- WHAT THE EXERCISE ASKS: Output, word for word, each line from the one with "Wnt signalling pathway." through the end of the listing below, excluding every picture.

- SOURCE MATERIAL:
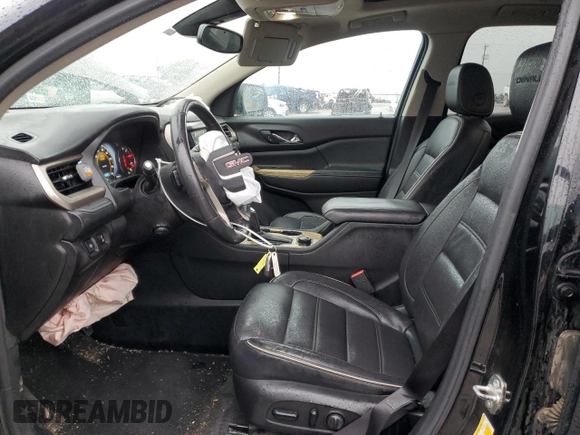 2018 GMC Acadia Denali z VIN 1GKKNPLS4JZ147200, wystawiony jako Copart lot #51615025 z przebiegiem 107 246 mil mil oraz Szkoda całkowita • Salvage title. Historia ofert i sprzedaży dostępna na DreamBid. Obrazek 7.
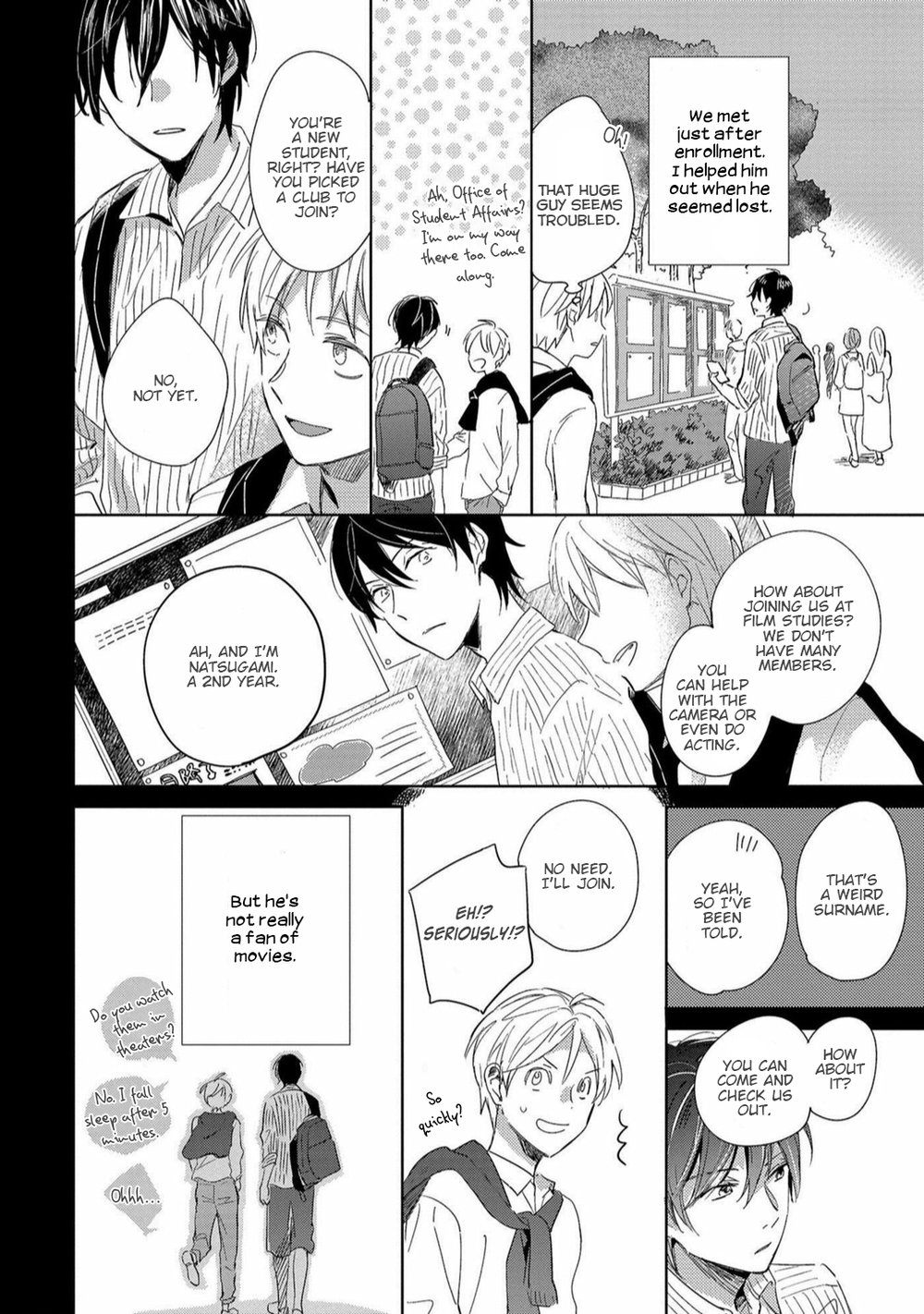 [Fukami Hisato] Natsu ni Tokeru Himitsu no Koi (update c.Extra) [Eng] — 013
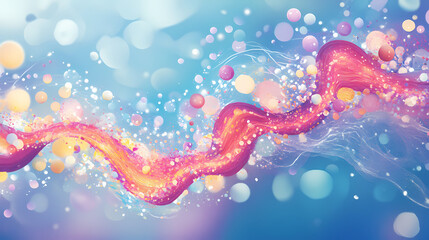 Wnt signalling pathway. Cascade. Illustration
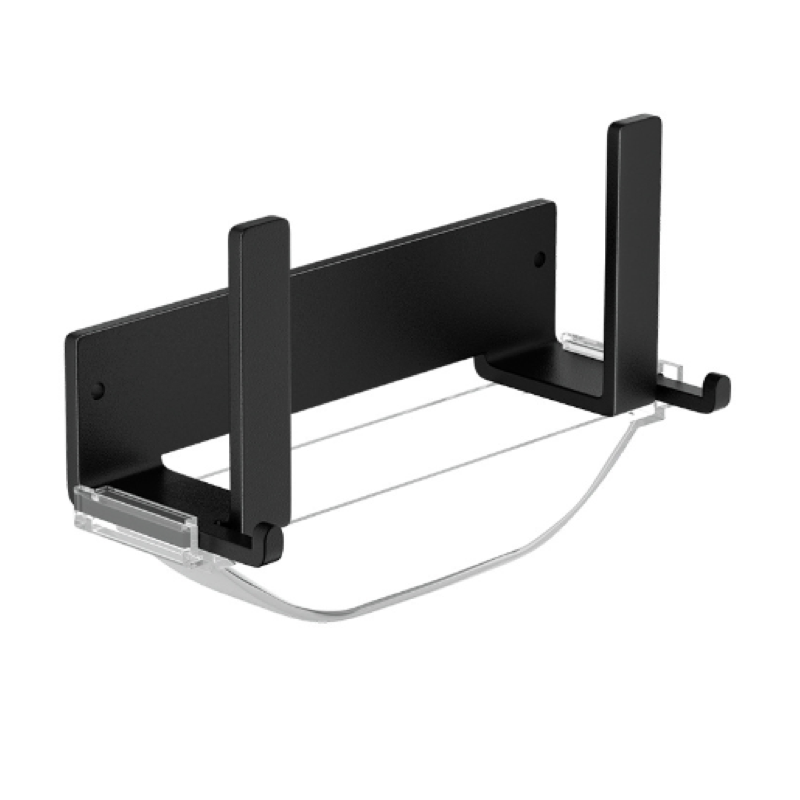 Estante para tapa de ollas, estante de pared sin perforaciones, estante para colocar platos de verduras para el hogar, organizador de tablas de cortar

- EXERCISE ANSWER:
 Wnt signalling pathway. Cascade. Illustration
 Estante para tapa de ollas, estante de pared sin perforaciones, estante para colocar platos de verduras para el hogar, organizador de tablas de cortar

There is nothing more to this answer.